Data from the Kentucky Transportation Cabinet shows fatalities in the state have increased year to year.

In 2020, 85 people were killed in motorcycle-related crashes. In 2021, that number jumped to 99.

The National Highway Traffic Safety Administration says motorcyclists continue to be overrepresented in fatal crashes with bikers being 28 times more likely than people in passenger cars to die in a traffic crash.

Biker Laurie Montoya founded The BikerDown Foundation after witnessing a serious motorcycle accident on a ride with friends. Over the years, Montoya says she’s noticed the alarming trend.

“It's a trauma, it's a tragedy, what our community as motorcycle riders are going through,” said Montoya.

Since 2011, the non-profit has helped riders and their families get through the aftermath of crashes by providing emotional, financial, insurance and legal support.

They’ve even partnered with Karl Truman Law Office to sponsor a Kentucky chapter.
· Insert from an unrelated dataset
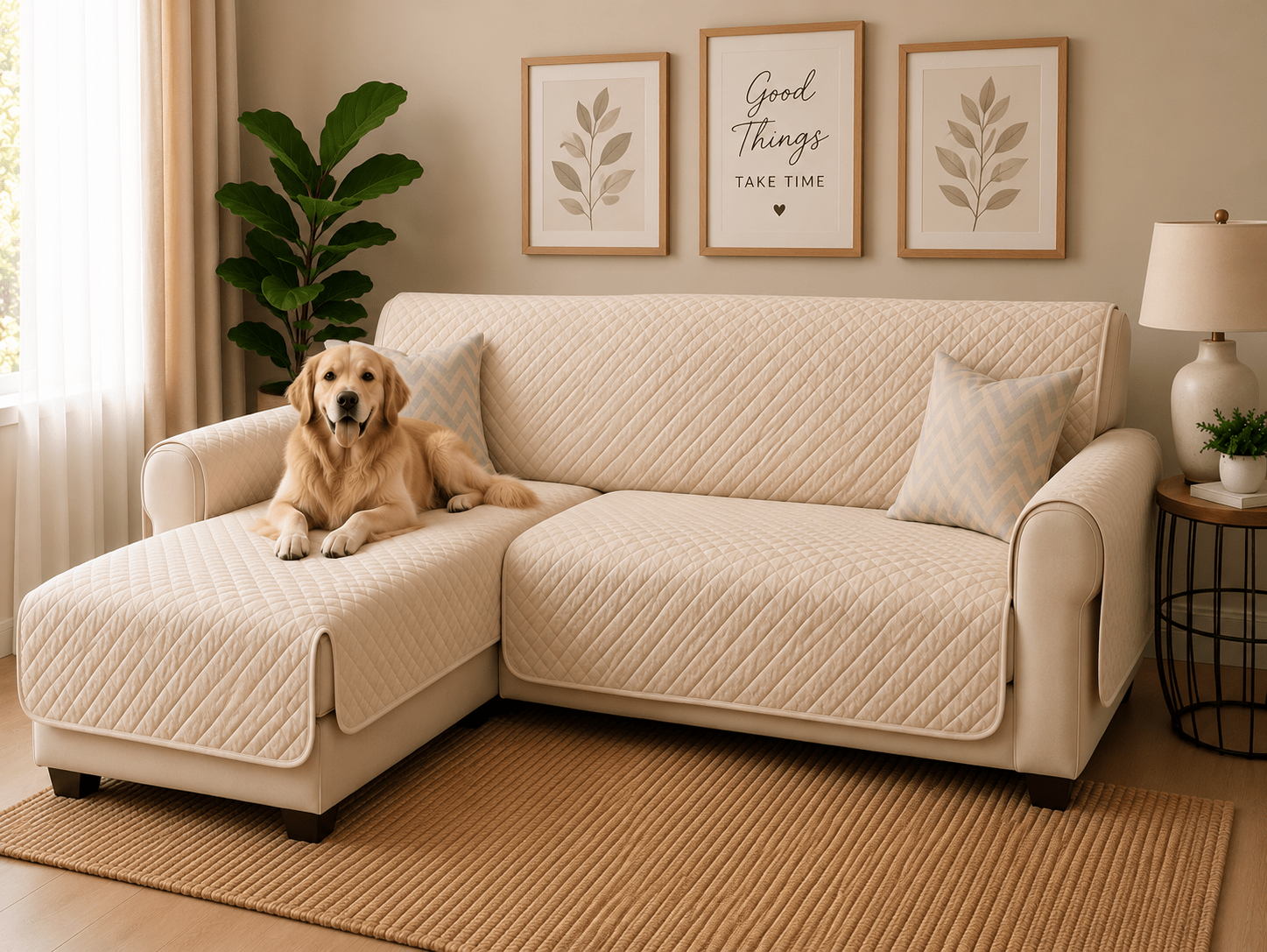 Funda Cubre Sofá Cheslong BEIGE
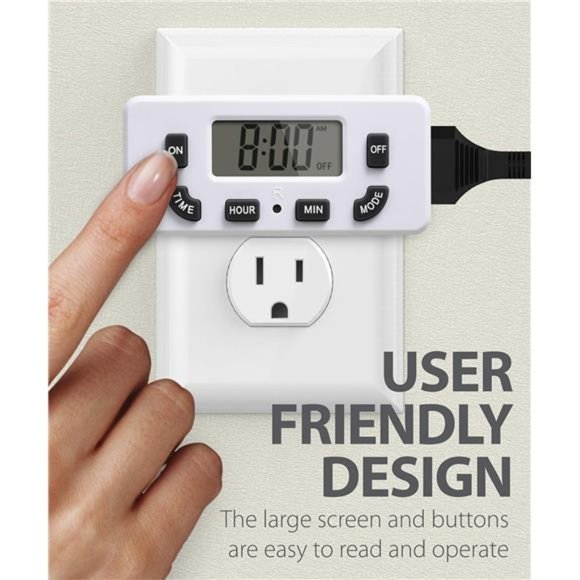 Programmable Digital Timer Outlet (2 Pack), ON/Off Program, Mini Single Plug-in - Picture 2 of 6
“The thing is, most motorcycle riders are out six to nine months or longer in recovery — that means they're missing car payments. They're not able to pay their rent or their mortgage. Now they're looking at homelessness,” explained Montoya.

There are a number of reasons why accidents happen that range from speeding to not yielding the right of way, to inattentive and distracted driving. Montoya wants people to know that their carelessness can have big consequences.

“I'm a grandmother, a mother, a wife, a business owner. I want to get home just like you. And so, you know, understanding that there's a person behind that helmet, there's a person on that bike,” she said.

Her biggest advice for motorists is that they get an insurance agent to do an insurance review.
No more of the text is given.